[Short web captions]
****************

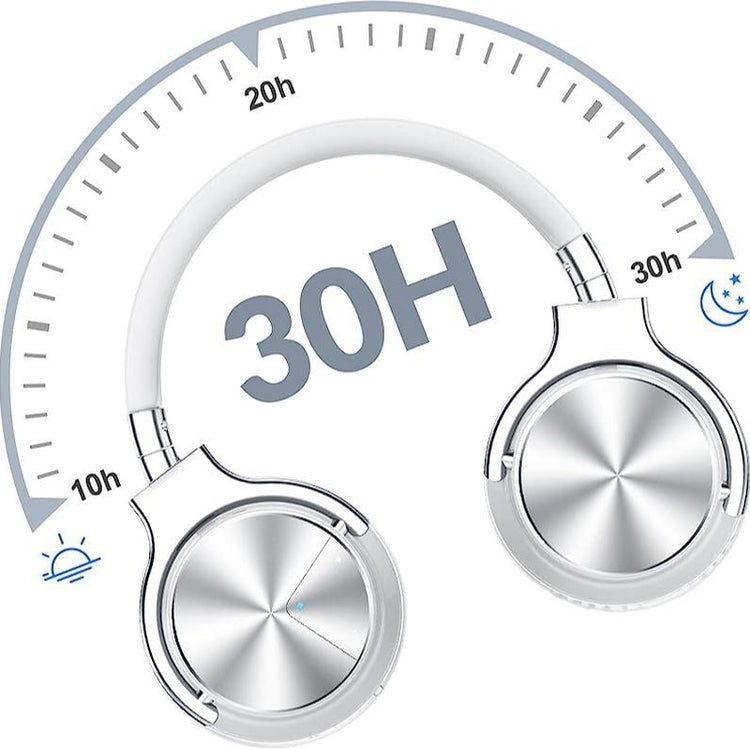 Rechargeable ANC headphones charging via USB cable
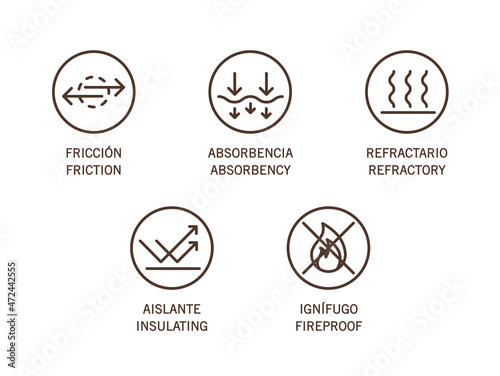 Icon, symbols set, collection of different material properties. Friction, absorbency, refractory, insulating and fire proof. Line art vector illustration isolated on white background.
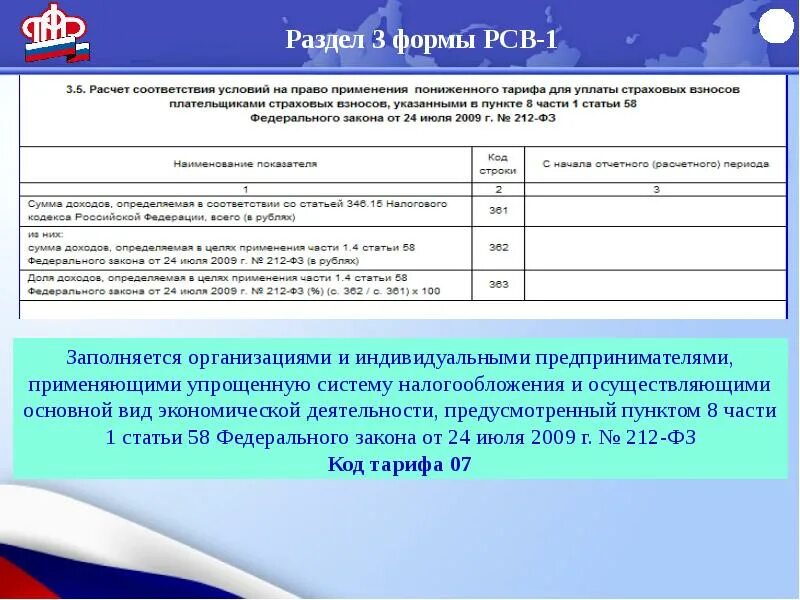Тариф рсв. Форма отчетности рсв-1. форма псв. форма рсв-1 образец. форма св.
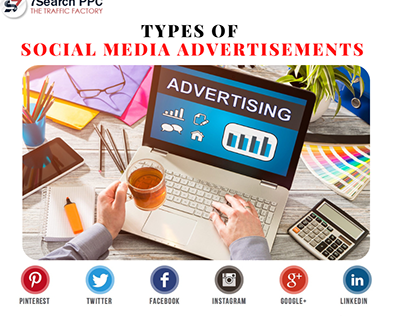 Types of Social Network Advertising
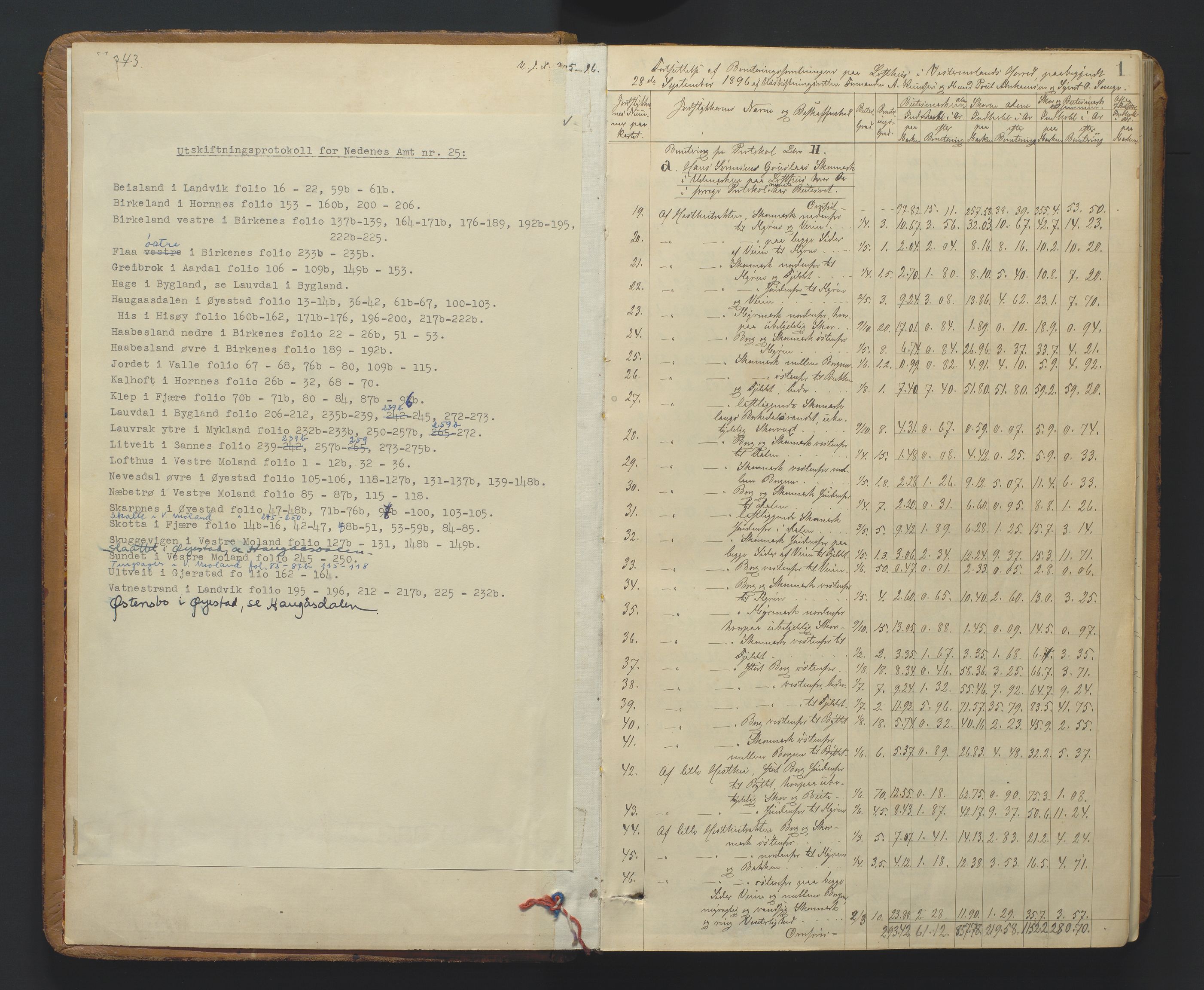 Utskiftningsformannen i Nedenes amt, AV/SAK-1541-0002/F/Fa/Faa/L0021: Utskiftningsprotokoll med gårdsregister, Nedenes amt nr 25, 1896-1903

****************

**Your task**.
Transcribe exactly the lines running from the line with "Icon, symbols set, collection" to the last line of the entries. Pictures stay out of the copy.

**Exercise response**.
 Icon, symbols set, collection of different material properties. Friction, absorbency, refractory, insulating and fire proof. Line art vector illustration isolated on white background.
Тариф рсв. Форма отчетности рсв-1. форма псв. форма рсв-1 образец. форма св.
 Types of Social Network Advertising
 Utskiftningsformannen i Nedenes amt, AV/SAK-1541-0002/F/Fa/Faa/L0021: Utskiftningsprotokoll med gårdsregister, Nedenes amt nr 25, 1896-1903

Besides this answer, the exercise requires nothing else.